Ele não é o único. Na fronteira
Paquistão-Afeganistão, cerca de
10 mil voluntários esperam sua
vez. O Taleban disse que não os
quer, até porque não tem como
sustentá-los. Mas enviou sinal de
que isso pode mudar e que os
1.200 podem ser só o começo.
""Nós só esperamos o sinal",
afirma o homem que recrutou Iqbal e o enviou para treinamento. É
Fazal-ur-Rehman Shaker, um religioso de 30 anos. De fala calma,
ele explica como o jihad (esforço
que o muçulmano deve desempenhar pelo islã, que os extremistas
interpretam como guerra santa)
da Caxemira pode virar um jihad
no Afeganistão e, por extensão,
no Paquistão do presidente-general Pervez Musharraf.
""Nós estamos do lado dos muçulmanos. Se estão ameaçados
pelos EUA no Afeganistão, vamos
ajudá-los. Se nosso governo não
quer que nós o ajudemos, nosso
governo está contra nós e contra o
islã", diz, dando eco à carta atribuída a Osama bin Laden divulgada nesta semana, na qual Musharraf é condenado por apoiar ""a
cruzada cristã". E a carta nem havia sido tornada pública.
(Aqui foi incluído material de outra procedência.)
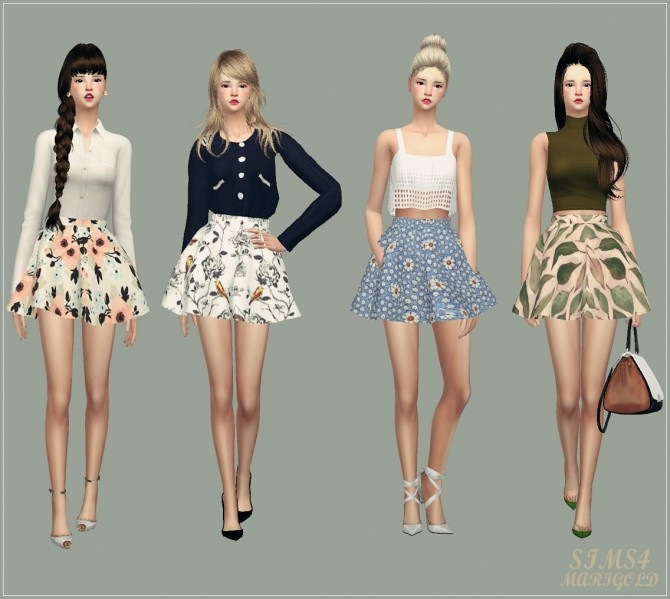 Sims 4 Flare skirt V3 flower at Marigold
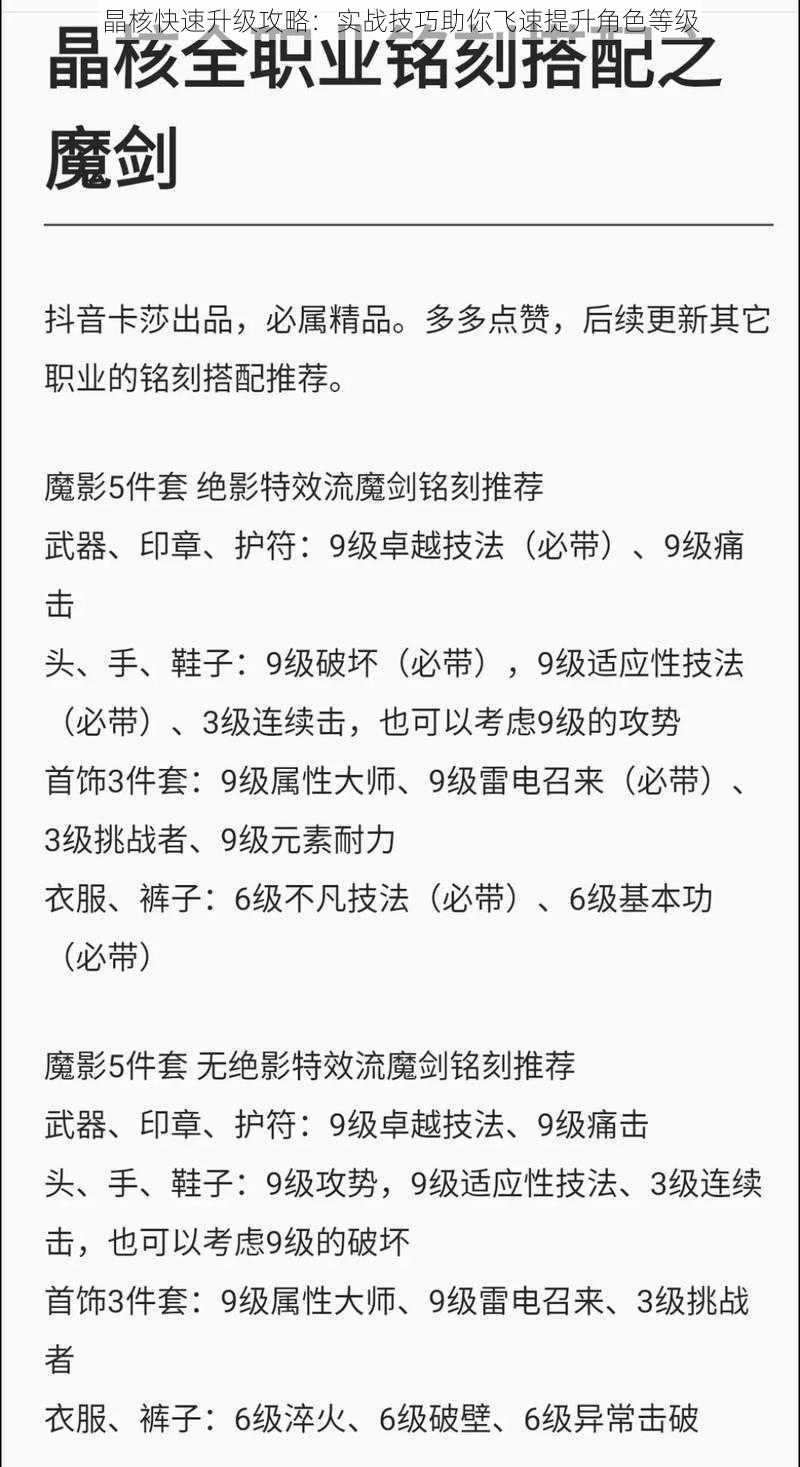 晶核快速升级攻略：实战技巧助你飞速提升角色等级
Shaker afirma que nesta semana mandará para a fronteira 313
combatentes prontos e armados.
""Tenho mais mil a caminho, nos
centros de treinamento", conta,
na escola religiosa Abdullah Ibn
Umar, em Changlaglai. Lá fica
uma base do seu grupo de mujahidin, o Jaish-i-Muhammad.
Na quarta-feira, na porta da
Embaixada do Taleban em Islamabad, quatro desses combatentes esperavam a entrevista coletiva do mulá Abdul Zaeef acabar.
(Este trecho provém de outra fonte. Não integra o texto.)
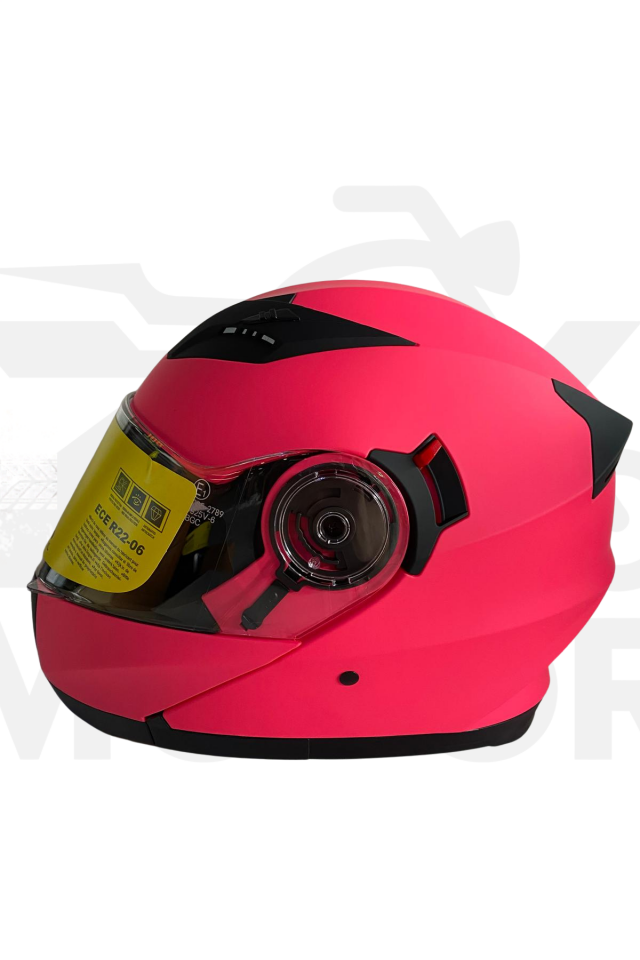Çene Açılır Kask Mat Pembe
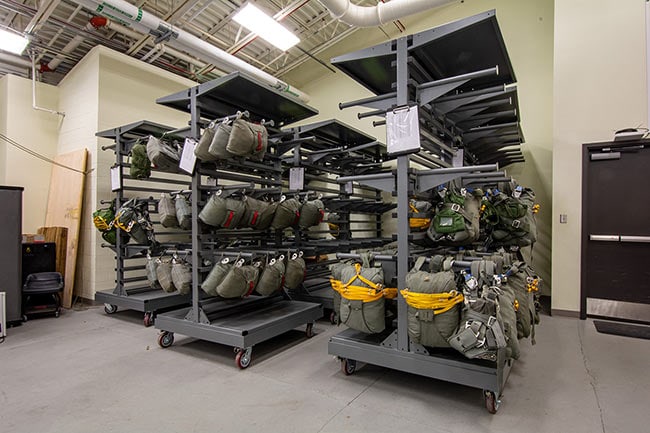 Military Parachute Racks on Casters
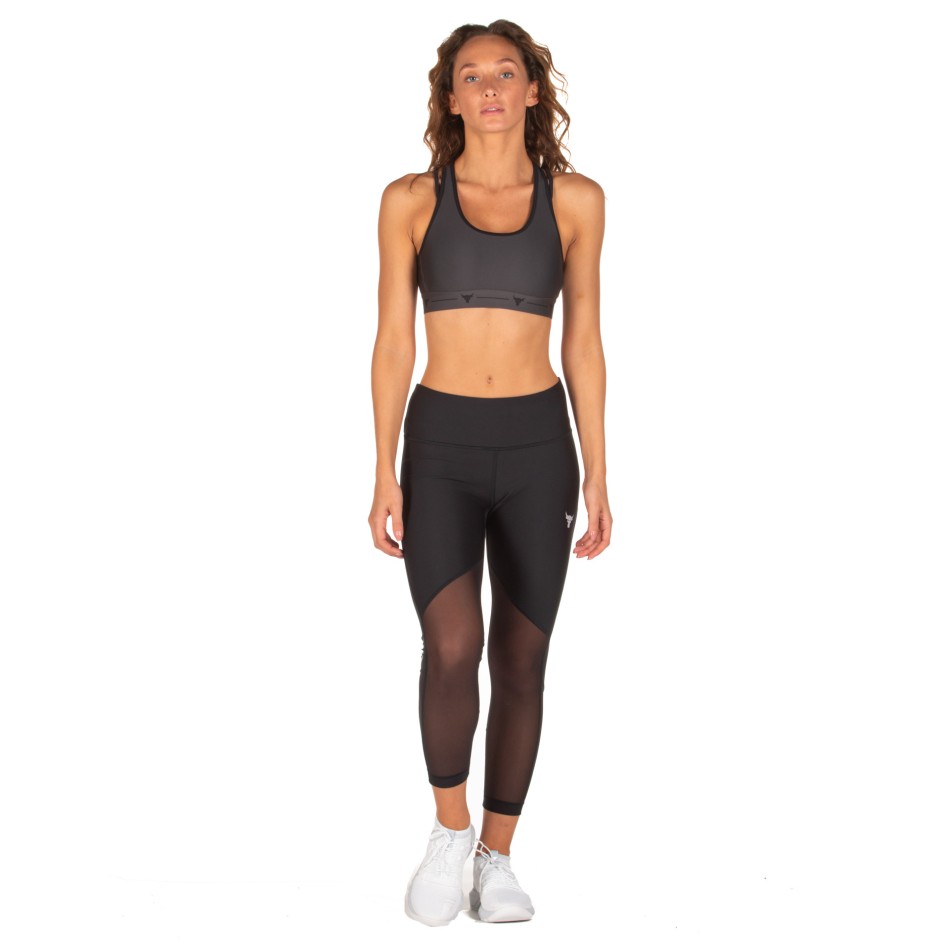 UNDER ARMOUR PROJECT ROCK HEATGEAR® MESH ANKLE CROP WOMEN'S 7/8 LEGGINGS 1351101-001 Black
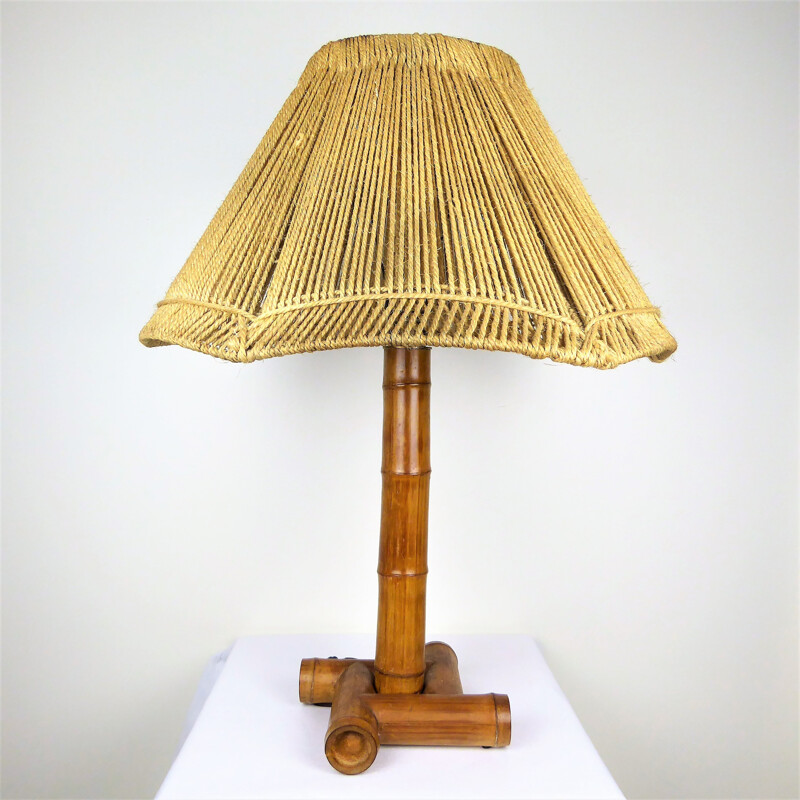 Bamboo lamp with rope shade - 1950s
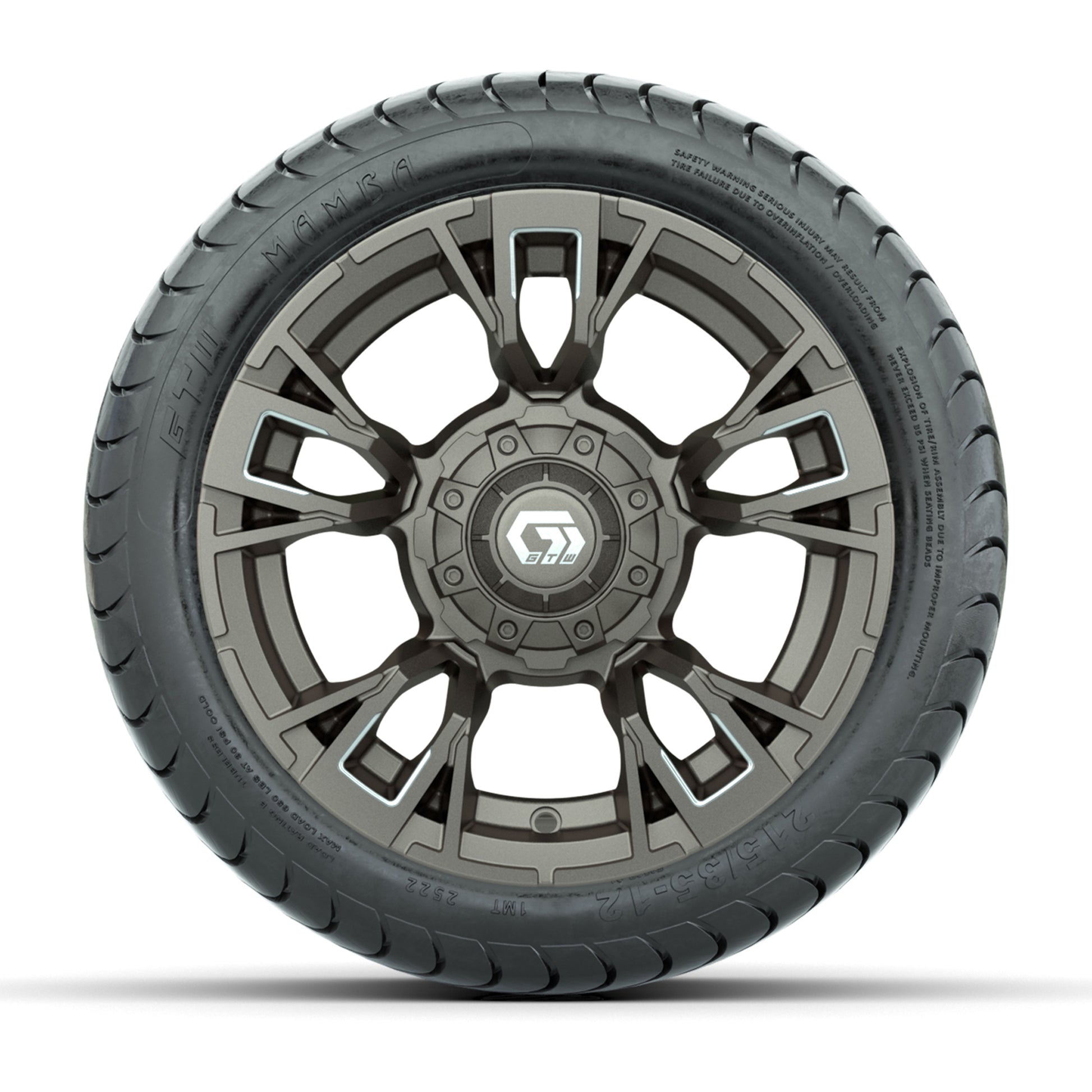 GTW® Vandal Satin Bronze/Machined 12 in Wheels with 215/35-12 Mamba Street Tires – Full Set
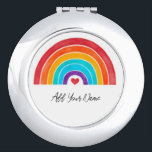 Rainbow - Add Your Name Compact Mirror<br><div class="desc">Rainbow - Add Your Name option Design your own high quality products by adding your own custom text and images! Easily replace the current background and text shown on this item with anything you’d like using the editing tool and choose from hundreds of other items in our shop for all...</div>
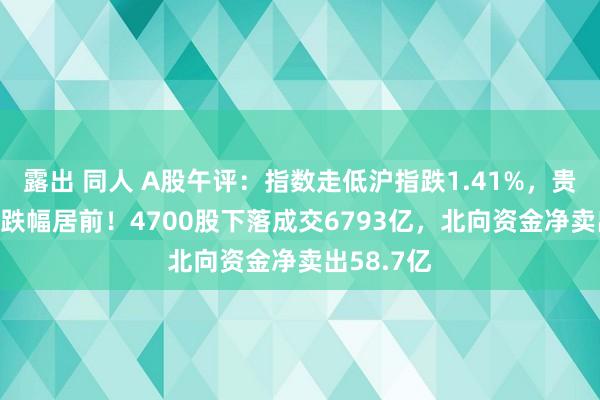 露出 同人 A股午评：指数走低沪指跌1.41%，贵金属CRO跌幅居前！4700股下落成交6793亿，北向资金净卖出58.7亿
""Estou aqui para ver se consigo
meus papéis já hoje", diz o líder
do grupo, Abdul Ikrar, 25, um jovem da Jacobabad que segue a receita: sem mulher ou filhos, educado em madrassa e pobre.
A ironia é que foi o próprio governo paquistanês que alimentou
os grupos que agora o desafiam.
Sua disputa com a Índia pelo território da Caxemira, que se desenrola há 52 anos e passou por três
guerras, levou o país a fomentar a
União do Jihad da Caxemira.
É um organização difusa, com
dezenas de pequenos núcleos que
treinam mujahidin, os guerreiros
santos. Os números são extremamente imprecisos. Num país com
141,6 milhões de habitantes, estima-se que sejam milhões.
Retórica uniforme
Para um ocidental, é difícil escapar de simplificações ao se confrontar com o discurso de um
mujahhid. A Folha visitou dois
centros de recrutamento, um de
treinamento militar, três escolas
religiosas e acompanhou duas
manifestações. A retórica dos soldados é impressionantemente
uniforme: calcados em passagens
do Alcorão, eles desfiam ataques
ao Ocidente, lembram da derrota
soviética no Afeganistão e falam
da falta de medo de morrer porque o Paraíso os espera.
"Você tem de entender que este
é um país que foi criado para ser
uma república de muçulmanos. A
nossa fé é muito, muito mais arraigada do que o discurso fácil de
um Bin Laden. Por outro lado,
tem gente manipulando isso",
afirma o analista político Jehanzeb Aziz, que trabalhou como
porta-voz dos serviços de segurança e inteligência do país.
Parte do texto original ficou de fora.